June 06, 2013
On Thursday, 6 June 2013 at 16:06:50 UTC, Lars T. Kyllingstad wrote:
> On Thursday, 6 June 2013 at 14:51:13 UTC, Dylan Knutson wrote:
>> I should have said "makes it easier to be platform independent". Normalization is done automatically on comparison.
>
> Yes, p1 == p2 sure looks nice, but unbeknownst to the API user, it comes at the cost of several memory allocations, and it does not perform a case-insensitive comparison on Windows in its current form.  (Should it?  I dunno.)

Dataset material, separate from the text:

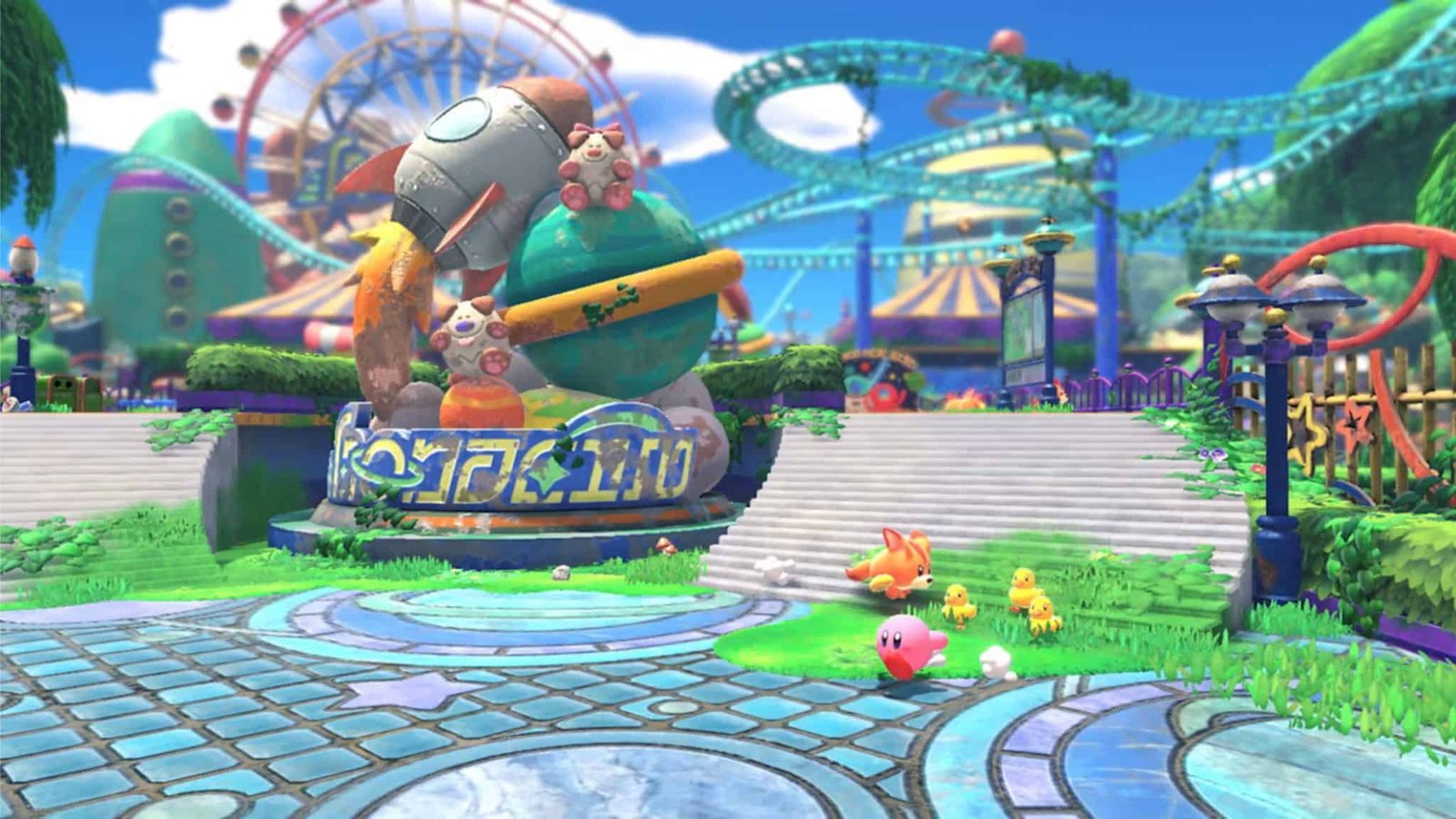 Kirby exploring a 3D world in a modern, colorful environment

It doesn't do any allocations that the user won't have to do anyways. Paths have to be normalized before comparison; not doing so isn't correct behavior. Eg, the strings `foo../bar` != `bar`, yet they're equivalent paths. Path encapsulates the behavior. So it's the difference between

buildNormalizedPath(s1) == buildNormalizedPath(s2);

and

p1 == p2;
June 06, 2013
On 2013-06-06 15:36:15 +0000, Walter Bright <newshound2@digitalmars.com> said:

> 8. There really isn't any such thing as a portable path representation. It's more than just \ vs /. There are the drive prefixes in Windows that have no analog in Linux. Sometimes case matters in Linux, where it would be ignored under Windows. There are 8.3 issues sometimes. The only thing you can do is come up with a subset of what works across systems, and then of course you have to go back to using strings when you need to access D:\foo\abc.c

Actually, there is one portable representation for paths: URLs. More specifically "file:" URLs if we're limiting ourselves to filesystem paths. Relative URLs should probably count too.

But otherwise, that's all true. To correctly normalize a path, you need to know which underlying filesystem is in use. Today's operating systems can mix and match case-sensitive, case-preserving, and case-insensitive filesystems, different restrictions on file names, and sometime have obscure restrictions/normalization when using old APIs on newer filesystenm. You can't really normalize a path without making a lot of assumptions.

Of course, that's not an argument for or against having a path object to encapsulate the differences. But I'd tend to say that what the path object can do is more limited than one might think at first glance.

As a side note, Apple is currently asking application developers to use URLs instead of raw paths to local files. Using URLs makes it possible for instance to attach "bookmarks" keys on path (in the query string) that can more or less automatically punch a hole in the sandbox when accessing a file (which can expire or be revoked). Pretty much all recent Cocoa APIs take url objects instead of path strings.

-- 
Michel Fortin
michel.fortin@michelf.ca
http://michelf.ca/

June 06, 2013
On 6/6/2013 9:00 AM, Dylan Knutson wrote:
>> 1. Making a more 'palatable' interface is pretty much chasing rainbows. It
>> really isn't better, it is just different. In many ways, it is worse because
>> it cannot hope to duplicate the rich interface available for strings.
>
> .toString ?
>
>> 2. APIs that deal with filenames take strings and return strings, not Path
>> objects. Your code gets littered with path and filename components that are
>> sometimes Paths and sometimes strings and sometimes both.
>
> As for APIs that return strings, a `Path toPath(string)` function could be added
> in std.path? Another solution would be to migrate the parts of Phobos that use
> path strings to using actual paths. They could be overloaded with a counterpart
> that also takes a string, but the toPath function would be pretty useful here.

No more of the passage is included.